=== What to work on ===
All that belongs in the answer is the lines from the one containing "91家纺网 家纺一手货源 找家纺" to the end of the listing below, copied exactly, pictures excluded.

··· Supplied data

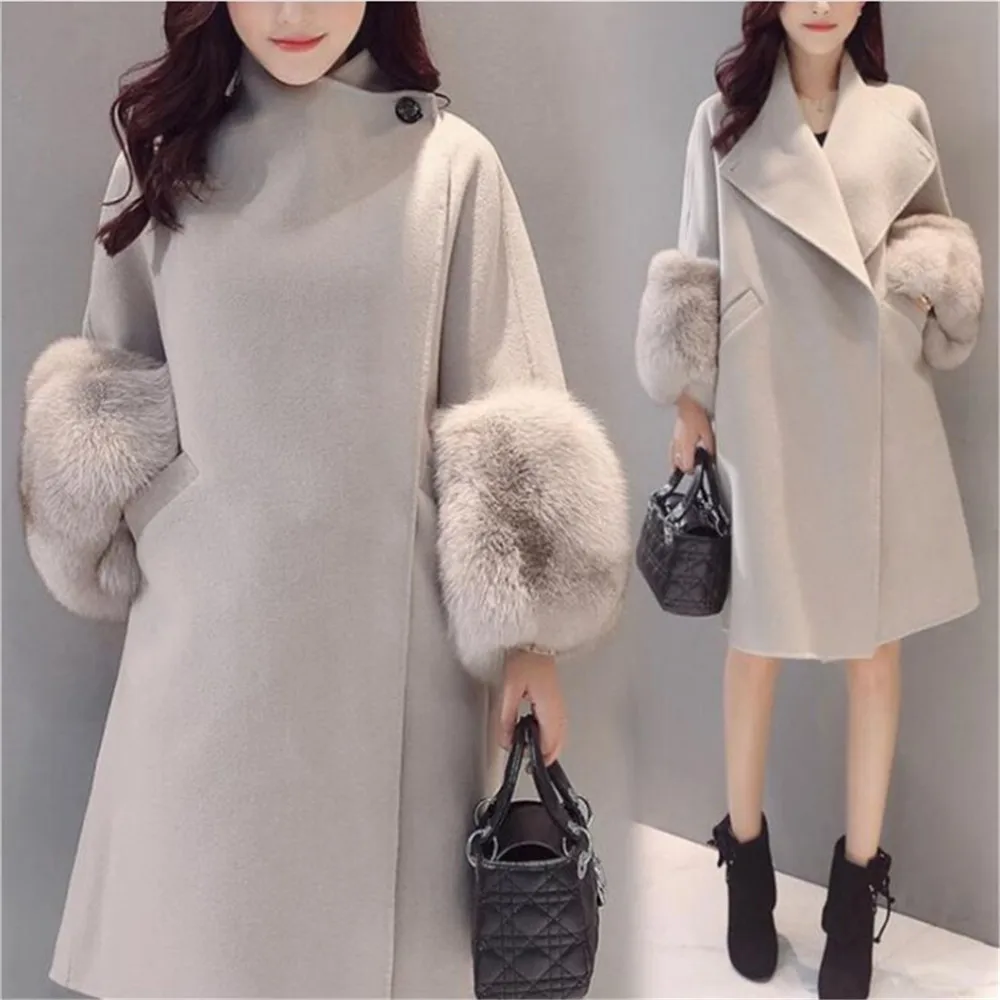 Осенне зимнее шерстяное пальто куртки теплое Смешанное с длинным рукавом из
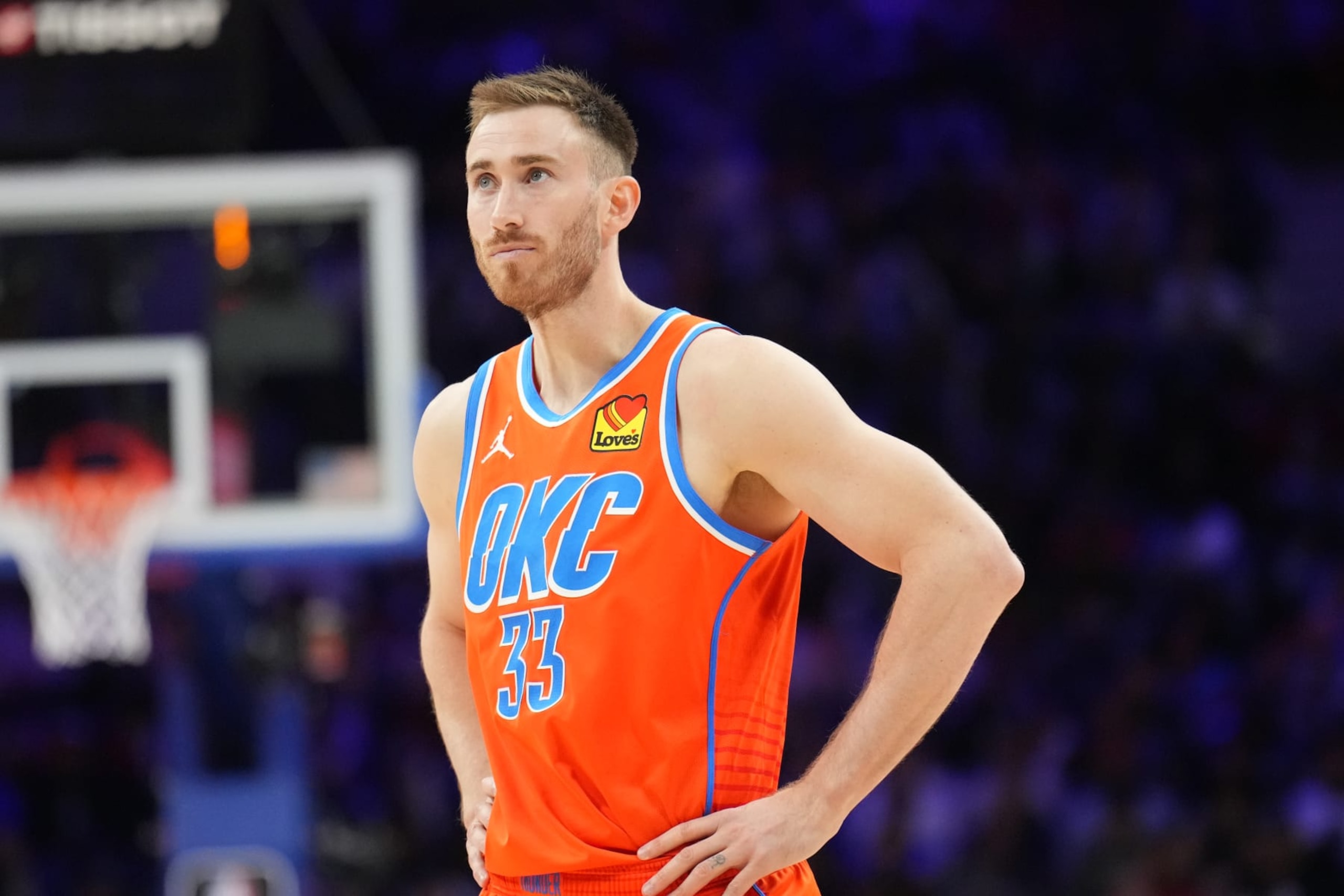 PHILADELPHIA, PA - APRIL 2: Gordon Hayward #33 of the Oklahoma City Thunder looks on during the game against the Philadelphia 76ers on April 2, 2024 at the Wells Fargo Center in Philadelphia, Pennsylvania NOTE TO USER: User expressly acknowledges and agrees that, by downloading and/or using this Photograph, user is consenting to the terms and conditions of the Getty Images License Agreement. Mandatory Copyright Notice: Copyright 2024 NBAE (Photo by Jesse D. Garrabrant/NBAE via Getty Images)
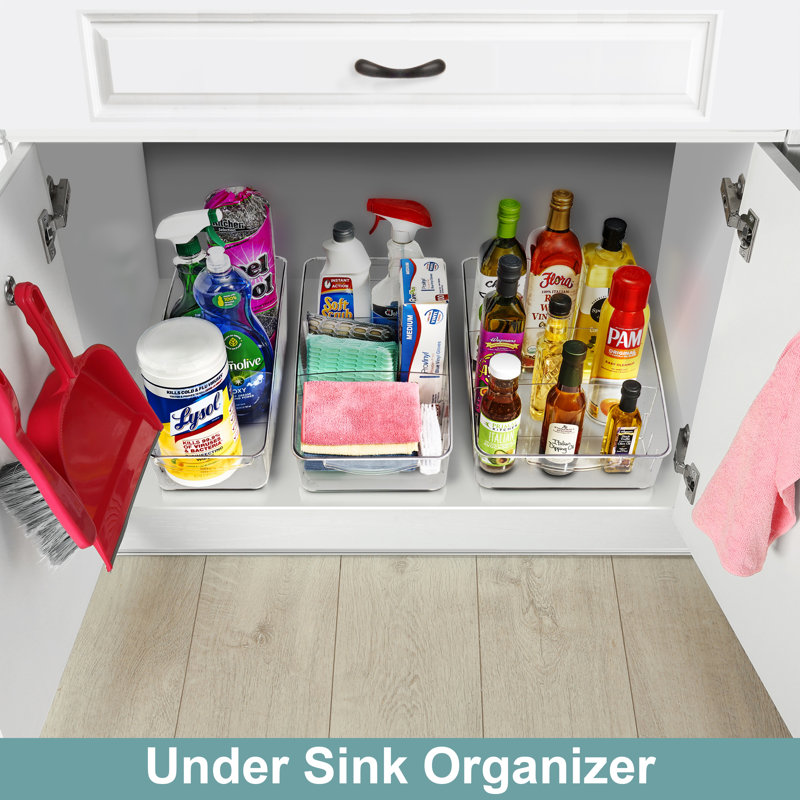 Sorbus Narrow Roll Out Fridge Organizer - Fridge Organizer on Wheels with Dividers, and Handles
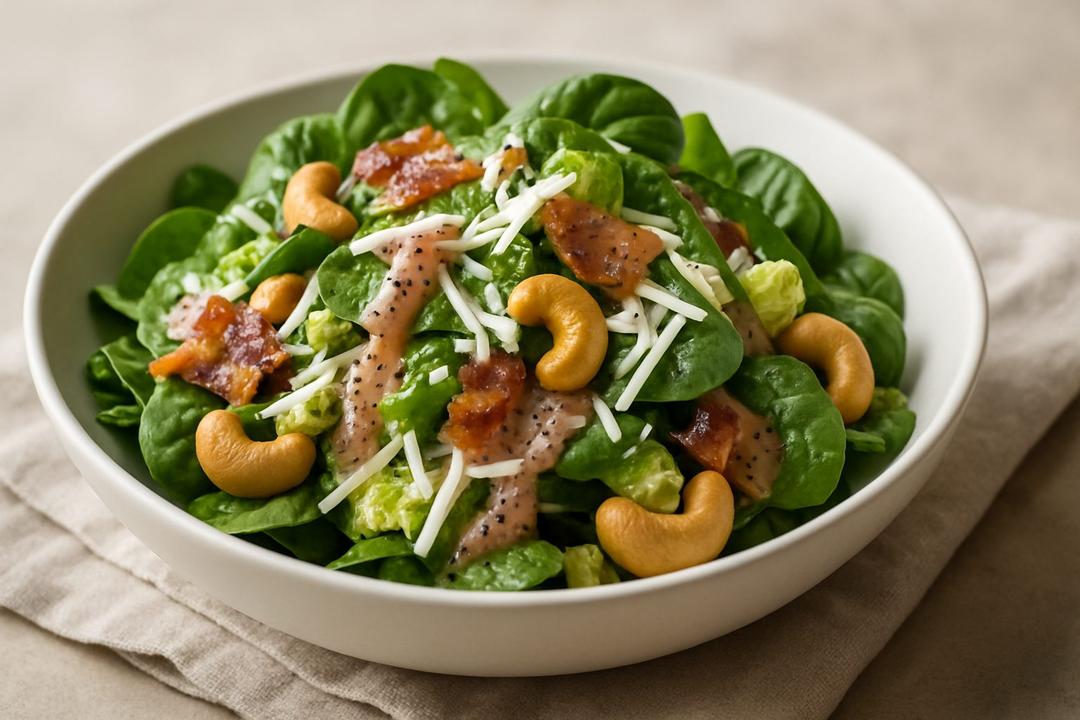 Spinach Cashew Salad Recipe (Poppy Seed Dressing)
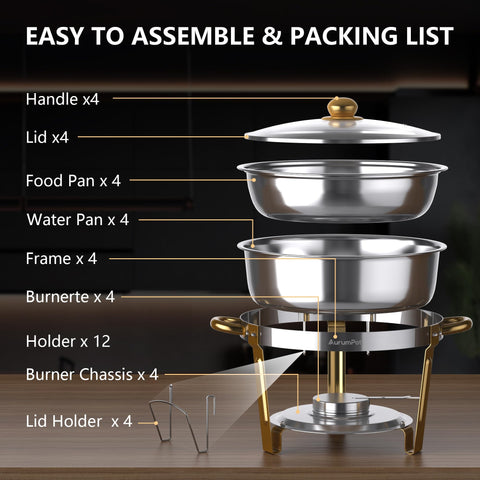 Aurumpot chafing dish pack content and installation manual included
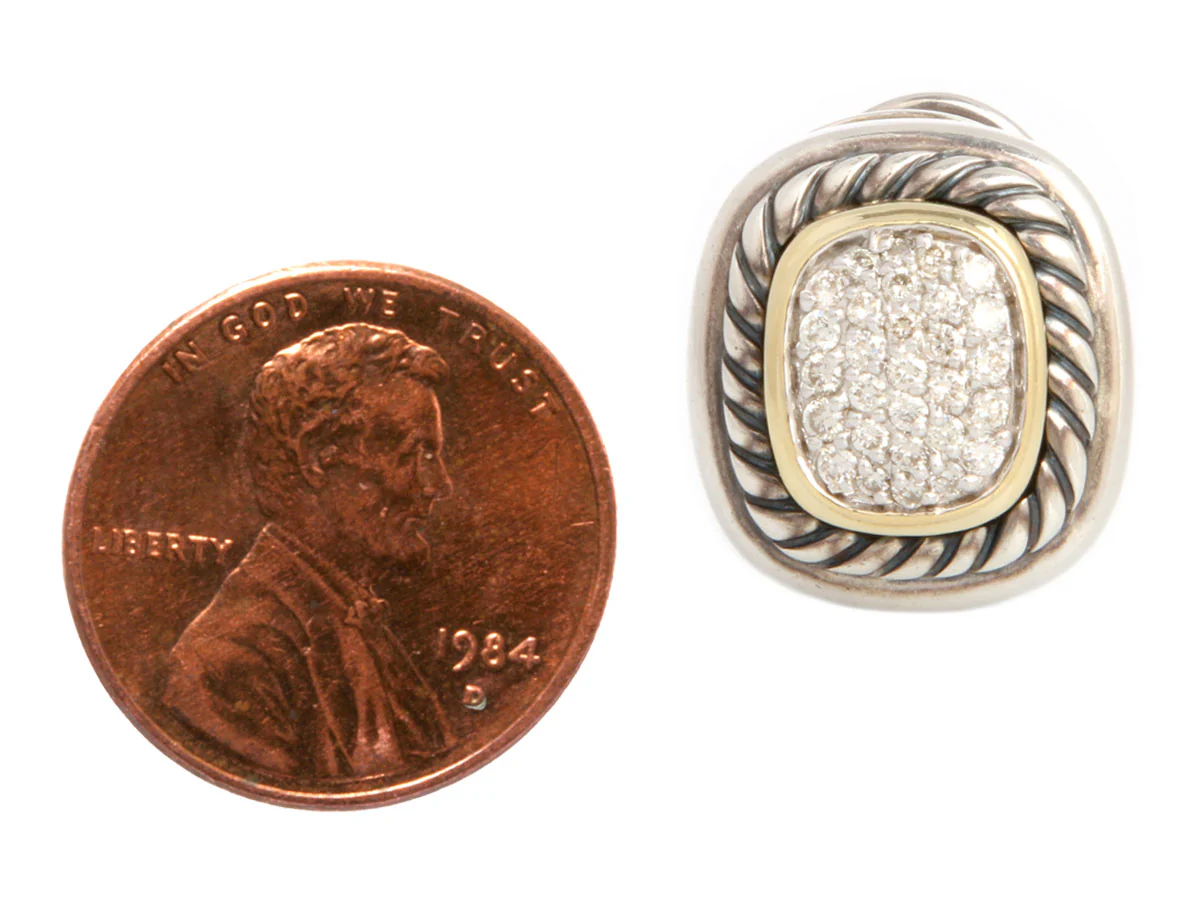 David Yurman Two-Tone Diamond Albion Earrings - Image 5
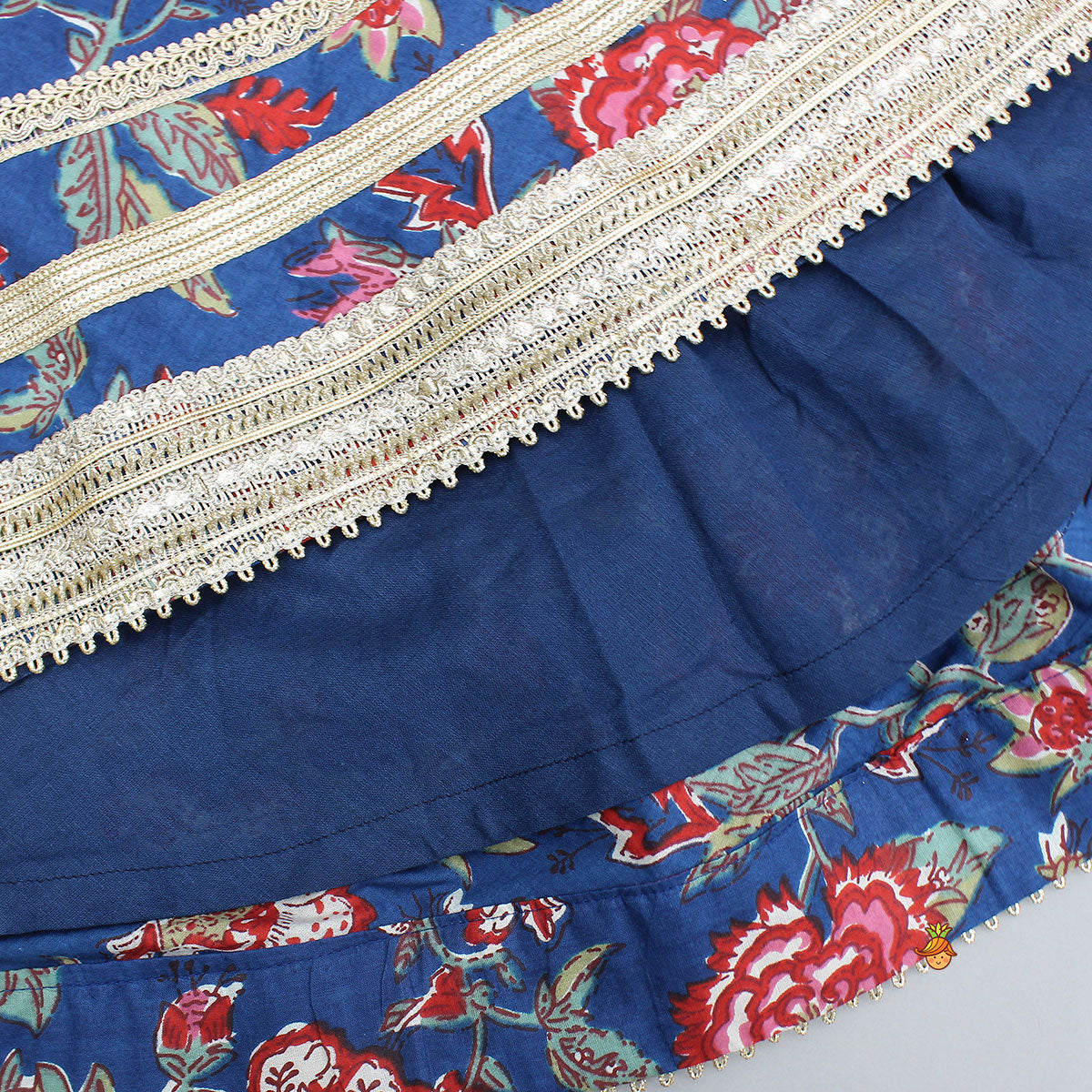Pre Order: Floral Printed Halter Neck Cotton Top With Floral Printed Lehenga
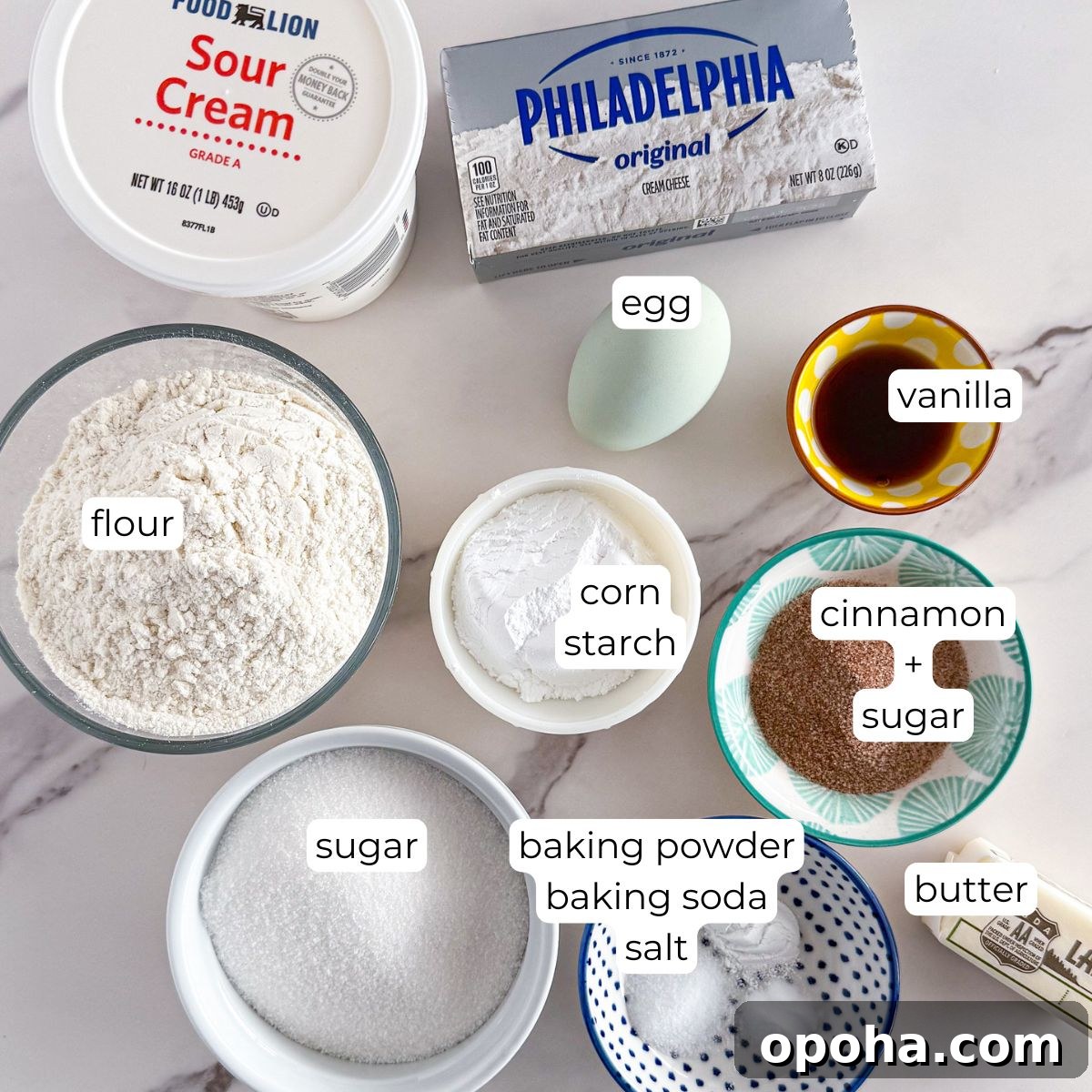 Ingredients for churro cheesecake cookies.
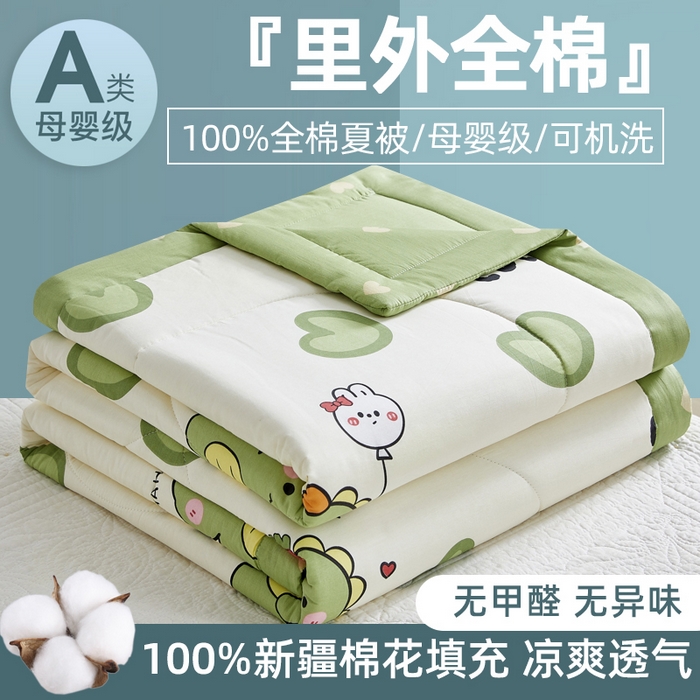 91家纺网 家纺一手货源 找家纺 （总）海洋家纺 2026新款100%里外全棉夏被印花空调被夏凉被薄被子棉花夏被四件套 风格二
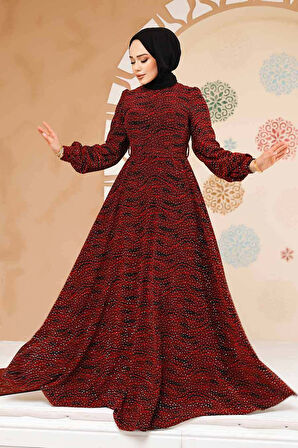 Taş Boncuk İşlemeli Bordo Tesettür Elbise 23882BR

······

=== Result of this task ===
 91家纺网 家纺一手货源 找家纺 （总）海洋家纺 2026新款100%里外全棉夏被印花空调被夏凉被薄被子棉花夏被四件套 风格二
 Taş Boncuk İşlemeli Bordo Tesettür Elbise 23882BR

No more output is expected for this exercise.